* [INSTRUCTIONS FOR THE TASK]
Starting at the line that contains "Thumbnail: 2025 Lexus RX - 23", please transcribe every line through the end of the entries, exactly and with no pictures.

* [THE RECORDS]
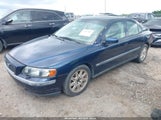 VOLVO S60 2.5T YV1RS59V142346141 снимка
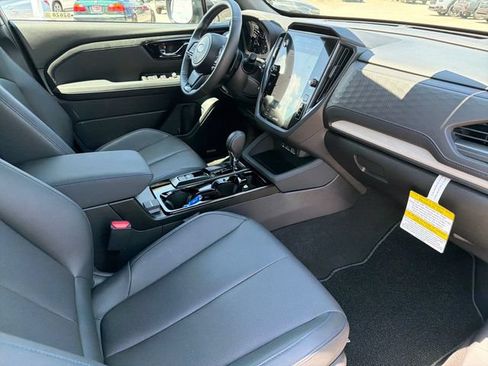 Certified 2026 Subaru Forester Limited w/ Limited Package AWD/4WD image 25
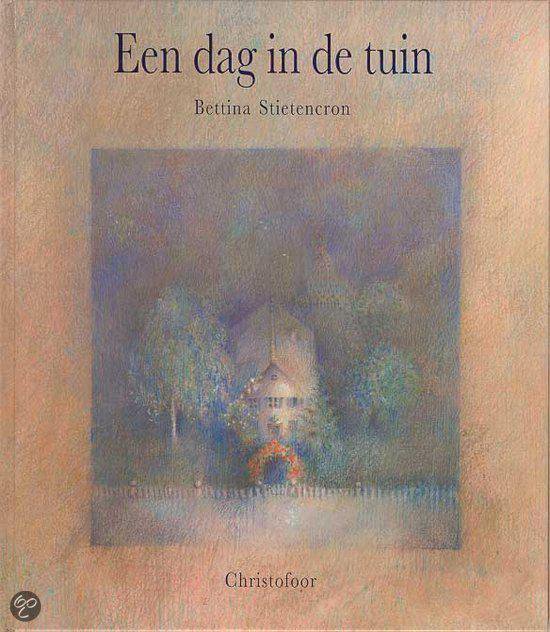 DAG IN DE TUIN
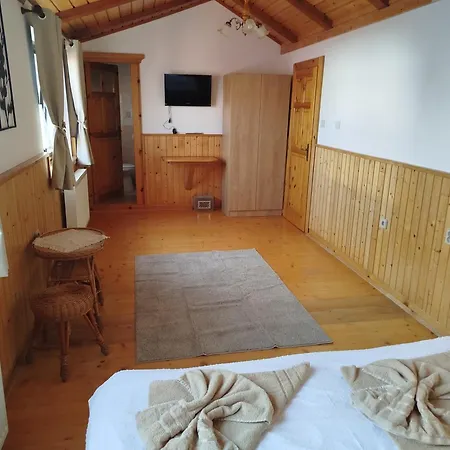 Apartment Lukas *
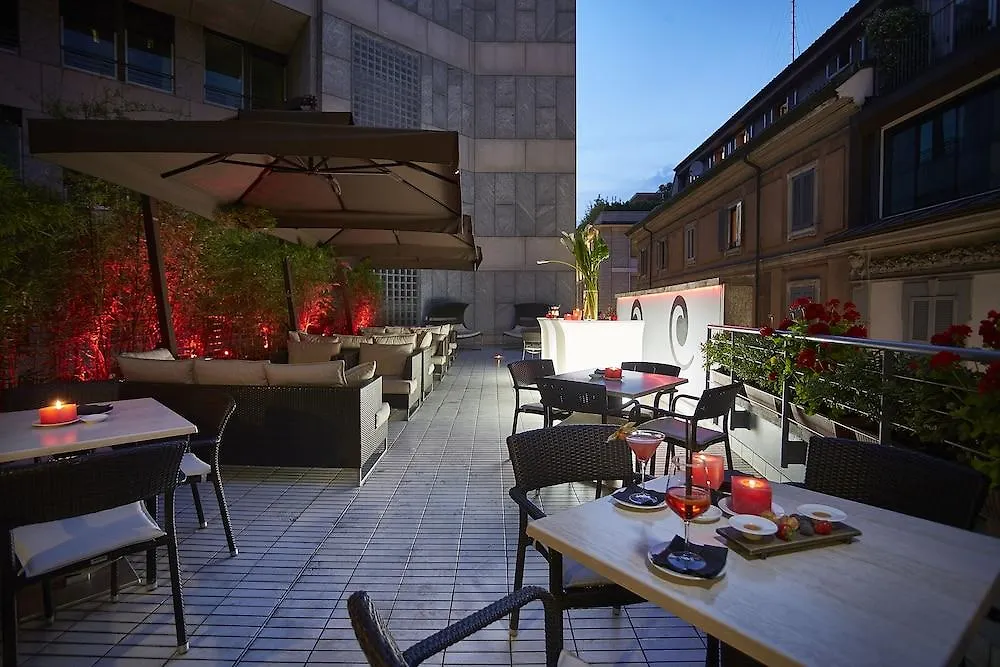 Sina The Gray Otel Milano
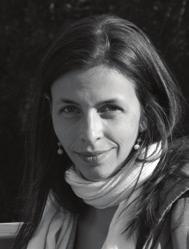 Darina Nudni Je profesí sociální pracovnice.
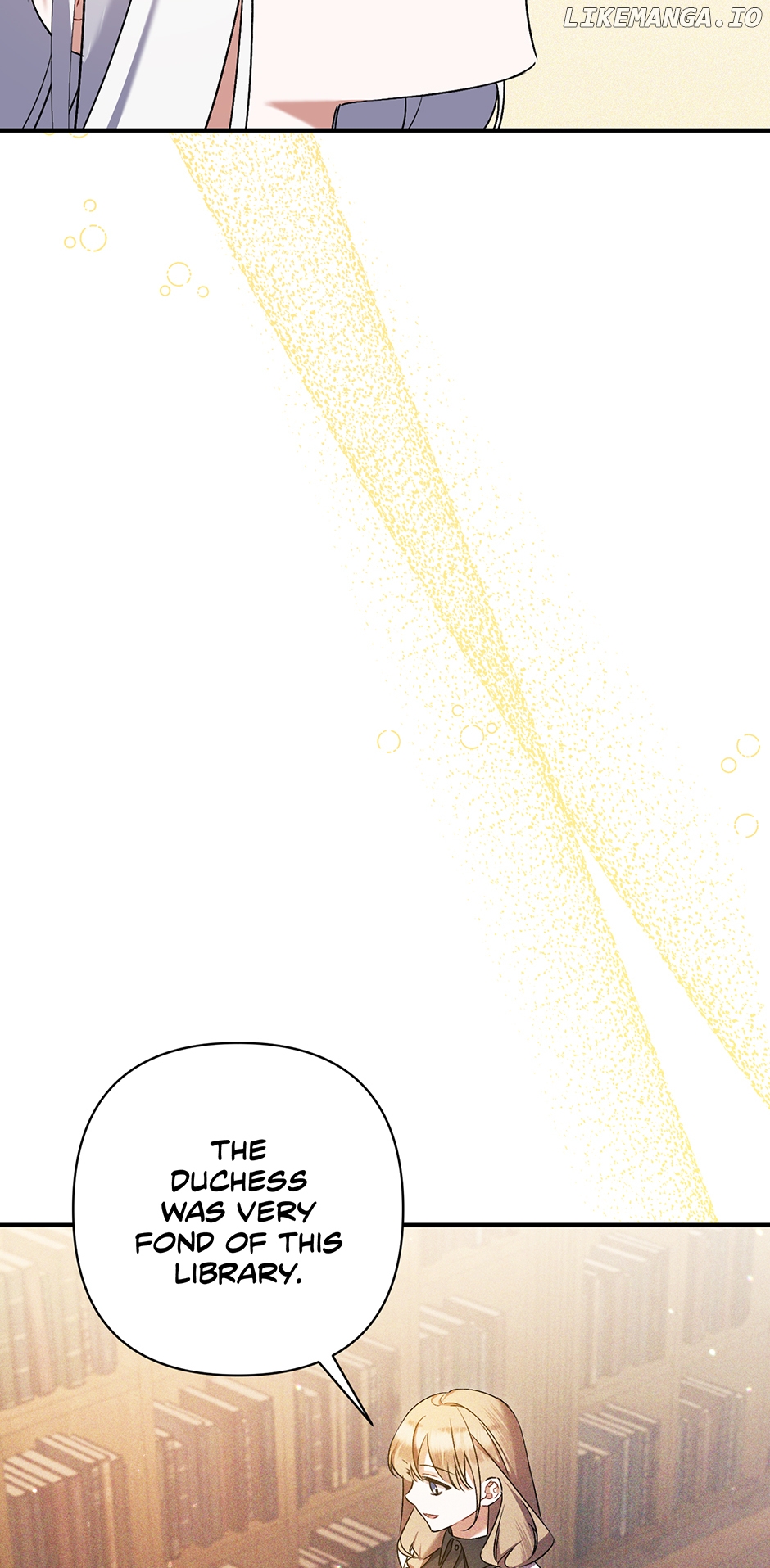 I Simply Cared For My Frail Dad Chapter 24 - page 31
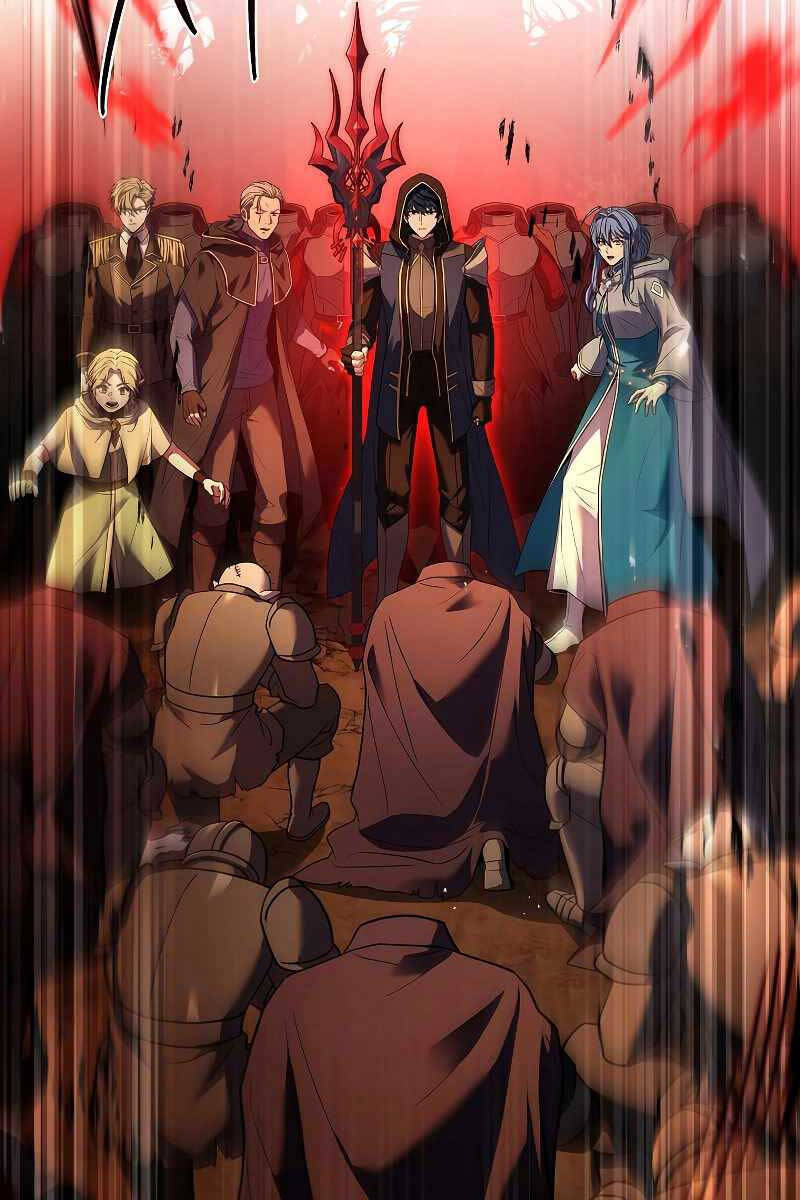 Huyền Thoại Giáo Sĩ Trở Lại Chap 117 - Next Chap 118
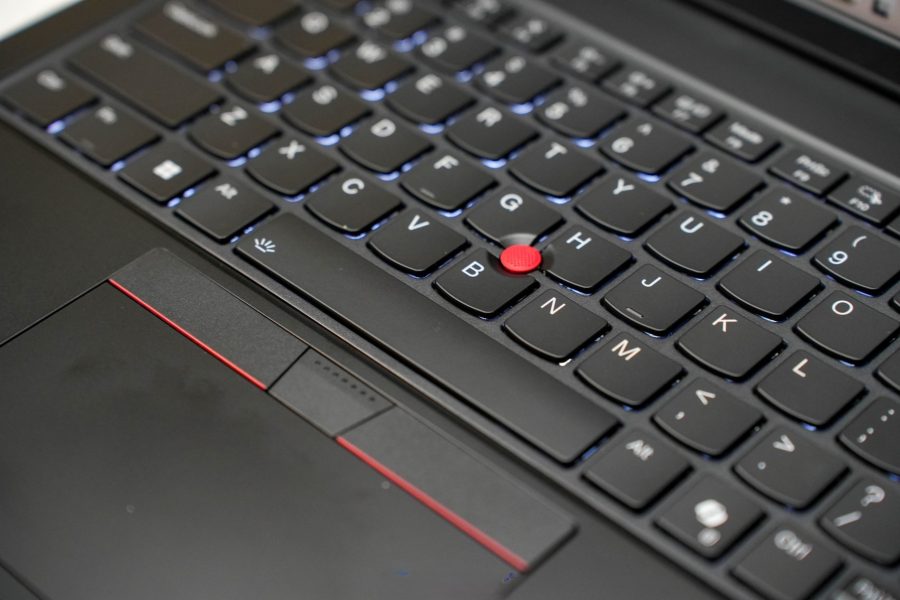 Bàn Phím ThinkPad L14 Gen 6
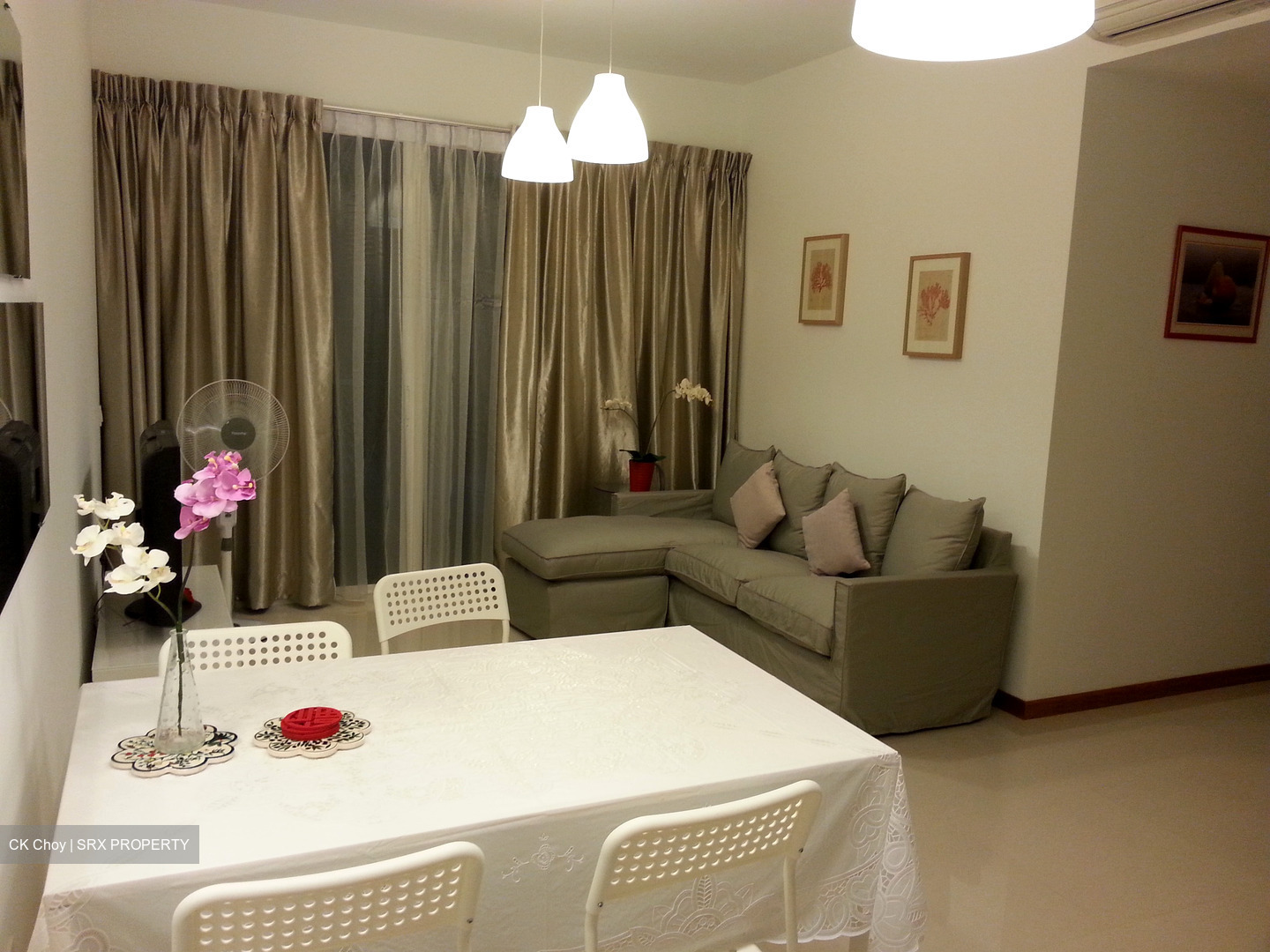 Waterview (D18), Condominium #503239581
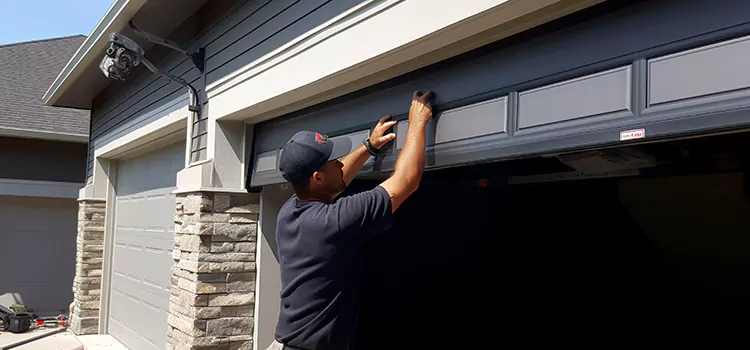 Janus Roll Up Doors Radford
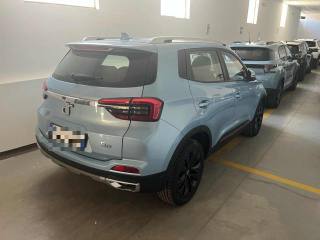 DR MOTOR DR 5.0 usata, con Alzacristalli elettrici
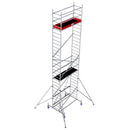 Rusztowanie Aluminiowe KRAUSE ProTec XS 8,8 m
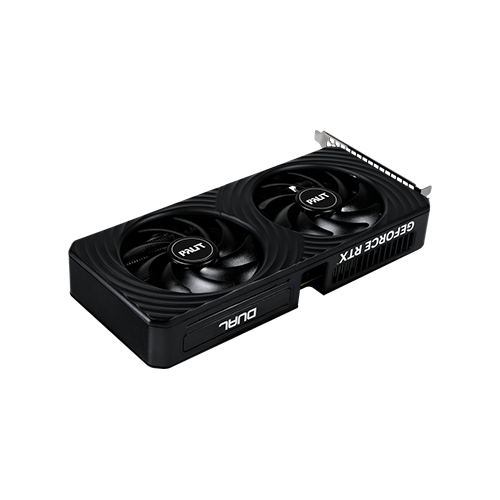 ვიდეობარათი - Palit RTX 5060 Ti 8 GB Dual Oc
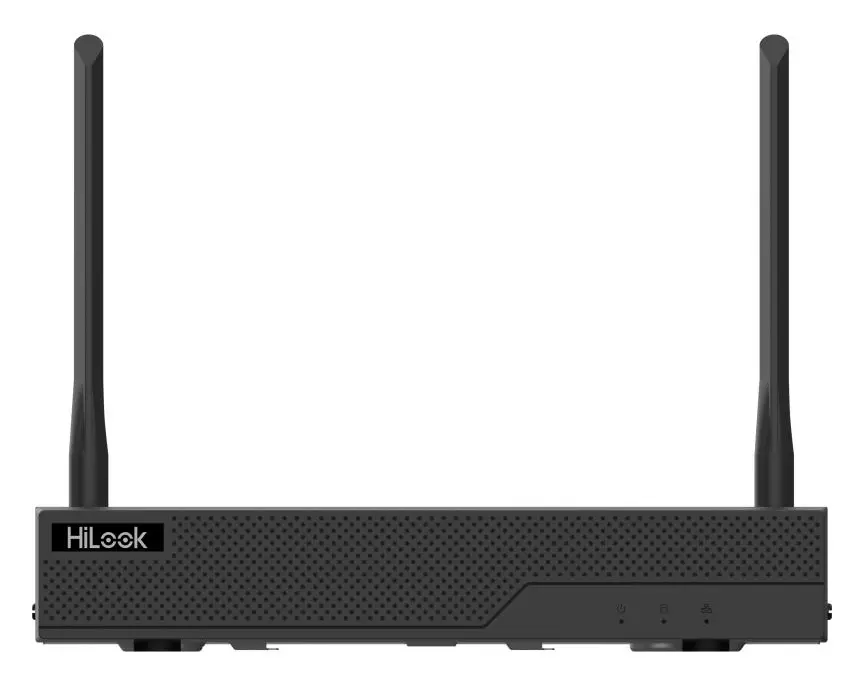 HiLook NVR-104MH-Q/W NVR Kayıt Cihazı — görsel 2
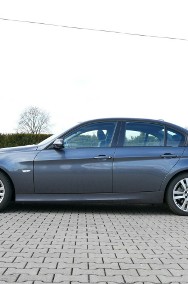 BMW SERIA 3 320i 150KM Eu4 Sedan Automat -Skóra +Opony zima -1 Wł od 5 lat -Zoba-2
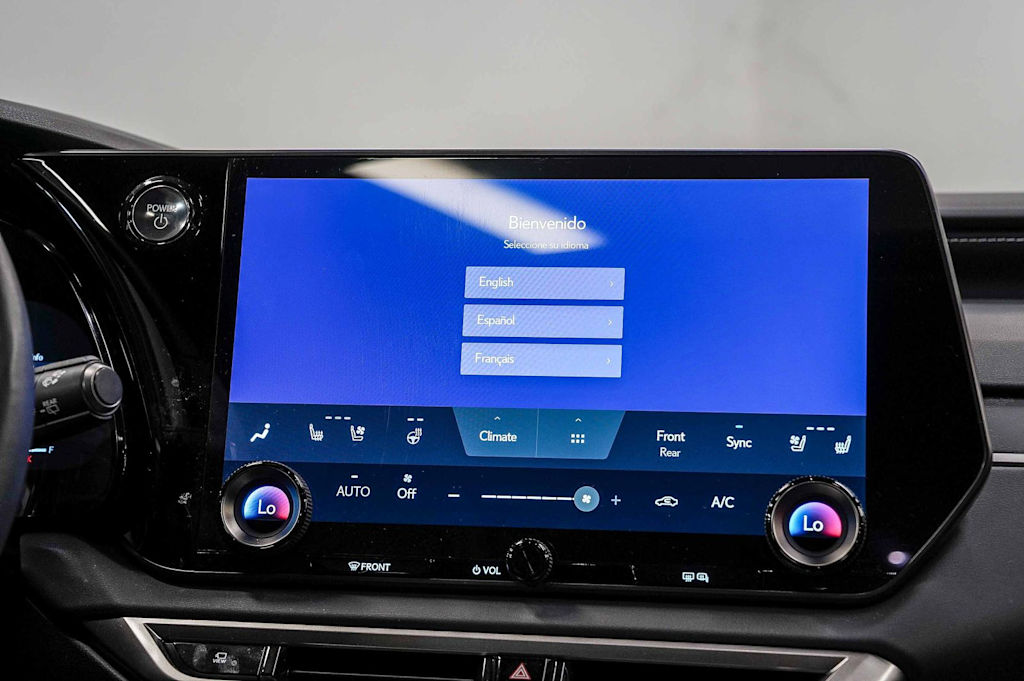 Thumbnail: 2025 Lexus RX - 23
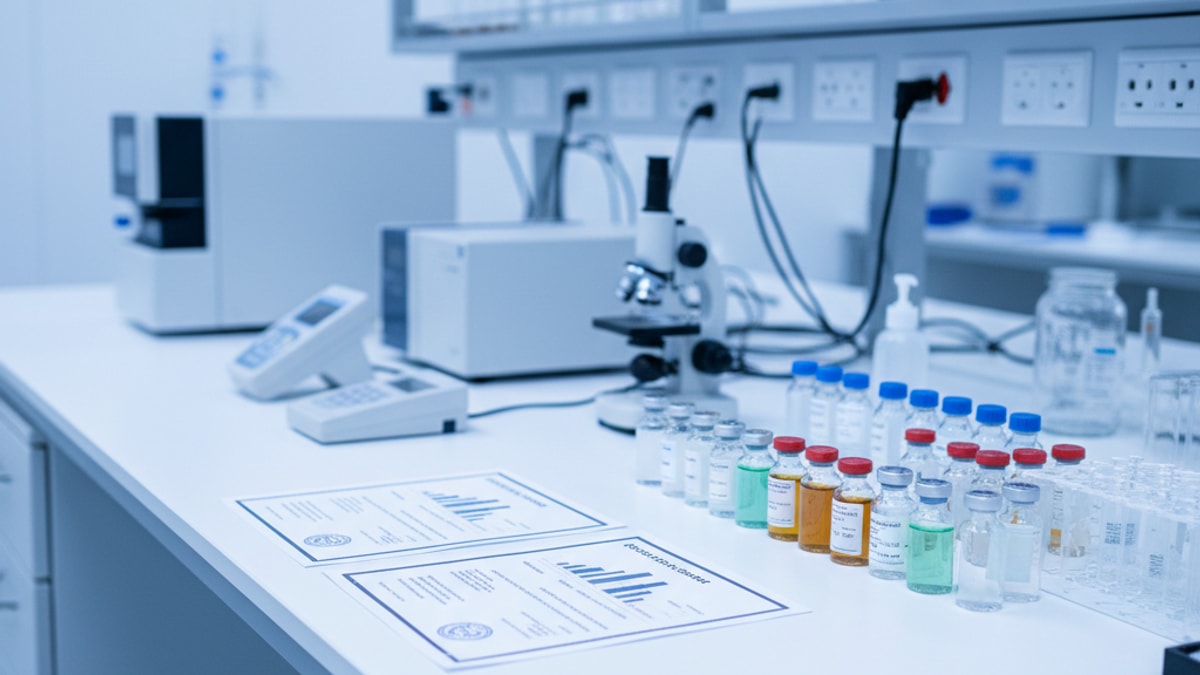 Blog Post: Survodutide vs Tirzepatide - Professional illustration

* [SOLUTION TO THIS TASK]
 Thumbnail: 2025 Lexus RX - 23
 Blog Post: Survodutide vs Tirzepatide - Professional illustration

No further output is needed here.